Intervention/exposure
Study type
Interventional
Description of intervention(s) / exposure
This trial is designed as a multi-centre, randomised, dose-ranging, double-blind, placebo controlled, parallel group trial for patients with non-alcoholic steatohepatitis (NASH). The patient will receive treatment with either BI 456906 or placebo for 48 weeks and the study drug will be administered as a subcutaneous injection once a week. Patients have an equal chance of being allocated to one of the following groups:
• Group 1 will receive BI 456906 and the dose will gradually increase from 0.3 mg to 2.4 mg and then remain at 2.4 mg per week from Week 16.
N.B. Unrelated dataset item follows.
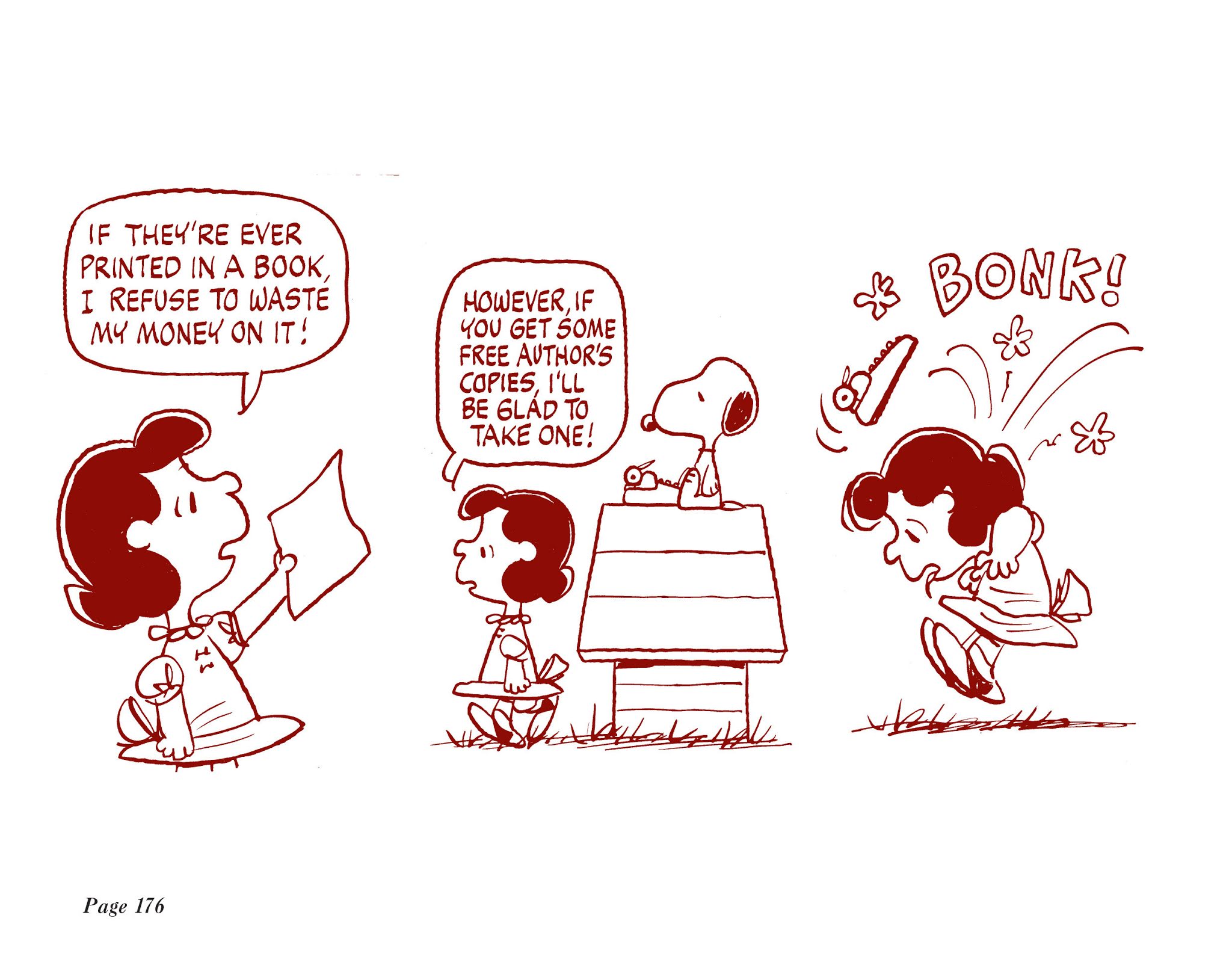 Read online The Complete Peanuts comic -  Issue # TPB 26 (Part 2) - 81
• Group 2 will receive BI 456906 and the dose will gradually increase from 0.3 mg to 4.8 mg and then remain at 4.8 mg per week from Week 20.
• Group 3 will receive BI 456906 and the dose will gradually increase from 0.3 mg to 6.0 mg and then remain at 6.0 mg per week from the Week 24.
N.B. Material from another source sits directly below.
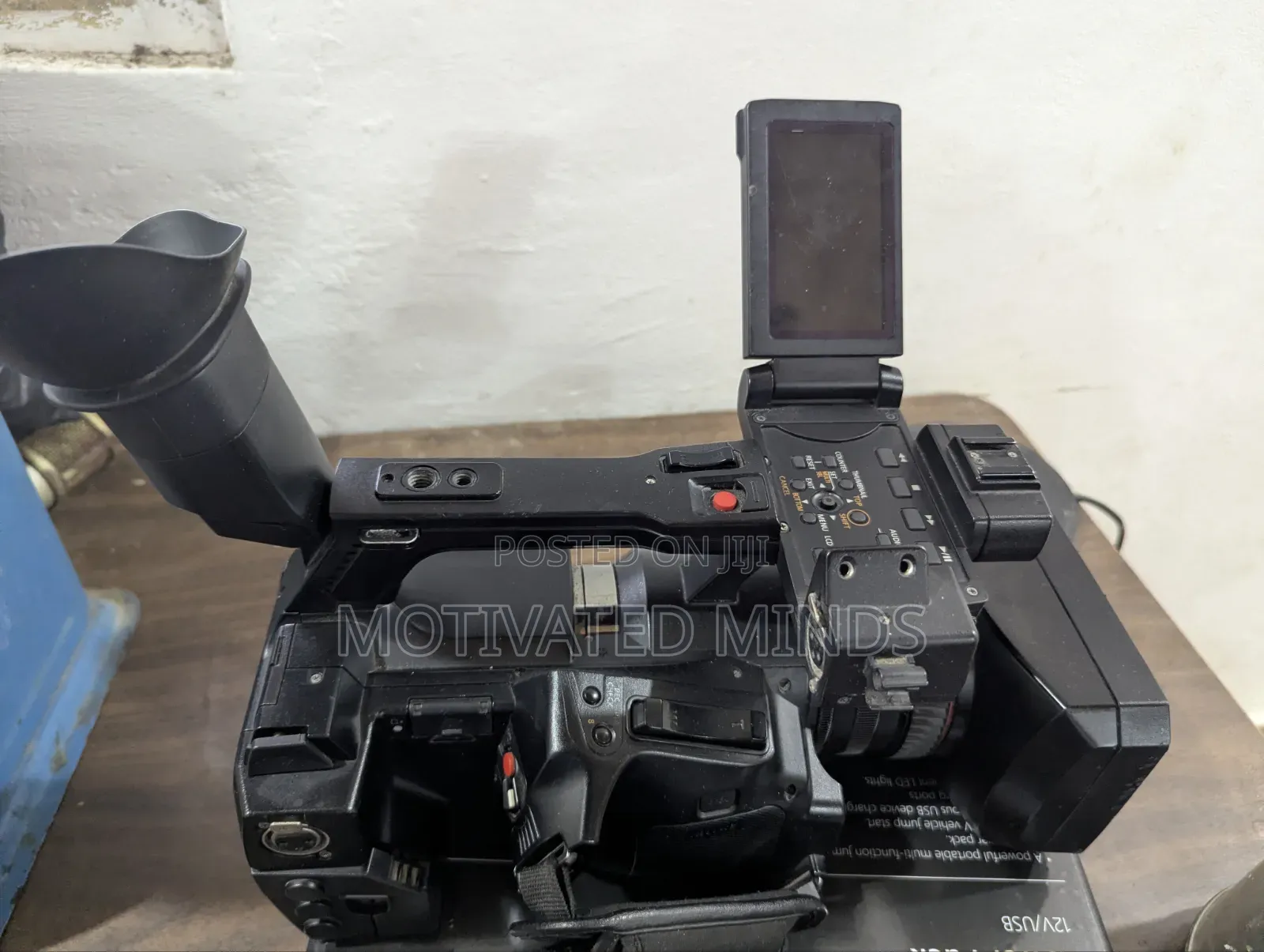Professional Panasonic Broadcast Camera for Hiring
• Group 4 will receive placebo during the entire treatment period.

Doses will be increased every 2 weeks until a participant reaches their target dose in their assigned group. Initially the dose will be increased 0.3mg in dose per fortnight. At Week 8, Group 1 will receive 1.8mg for 4 weeks, this will increase to 2.1mg at Weeks 12 and 13 and finally reach their target dose of 2.4mg at Week 16. At Week 8 Participants in Group 2 and 3 will have their dose increased by 0.6mg per fortnight until Group 2 reaches their target dose of 4.8mg at Week 18 and Group 3 will continue to increase by this increment until they reach their target dose of 6mg at Week 22.
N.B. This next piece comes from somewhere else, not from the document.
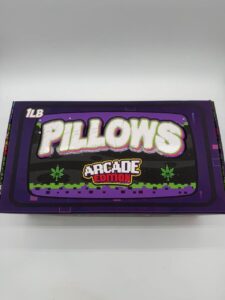 pillows powered by snooze 1lb arcade edition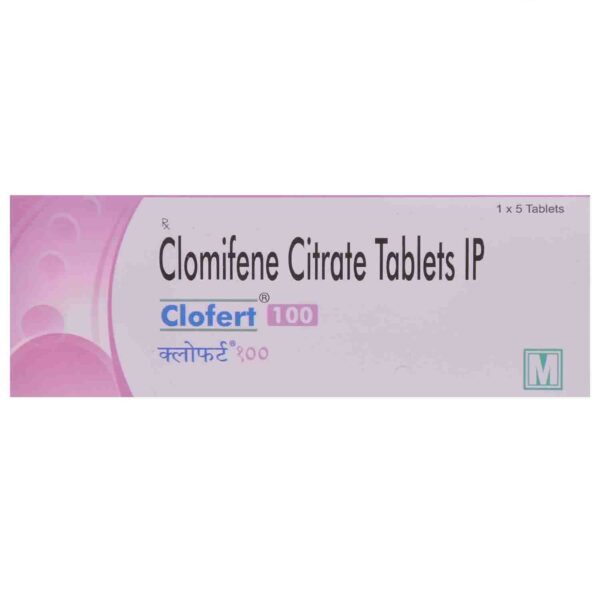 Clofert 100 mg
Participants will receive two subcutaneous injections once weekly. When the participant attends the study site for their visit they will receive the injection from a site staff member however when the participant is at home for their designated visit the participant will either self-administer or designate this responsibility to a family/friend. The participant or designee will receive training on how to administer the pre-filled syringes. The participant will be required to keep a diary where they need to record the details of the drug administration and the administration will need to take place during study video call so that the study team can check that the injection is being made correctly.
Intervention code [1] 319225 0
Treatment: Drugs
Comparator / control treatment
Patients randomised to Group 4 will receive placebo which is a solution they will received by subcutaneous injection weekly. Commercially available isotonic saline solution in 10 mL polyethylene ampoules will be used as placebo solution for injection.
Control group
Placebo

Outcomes
Primary outcome [1] 325917 0
The primary endpoint is the improvement (yes/ no) from baseline in liver histological findings based on liver biopsy after 48 weeks of treatment in patients with NASH (NAS greater than or equal to 4, fibrosis F1-F3). NAFLD activity score (NAS) represents the sum of scores for steatosis (0-3), lobular inflammation (0-3) and ballooning (0-2).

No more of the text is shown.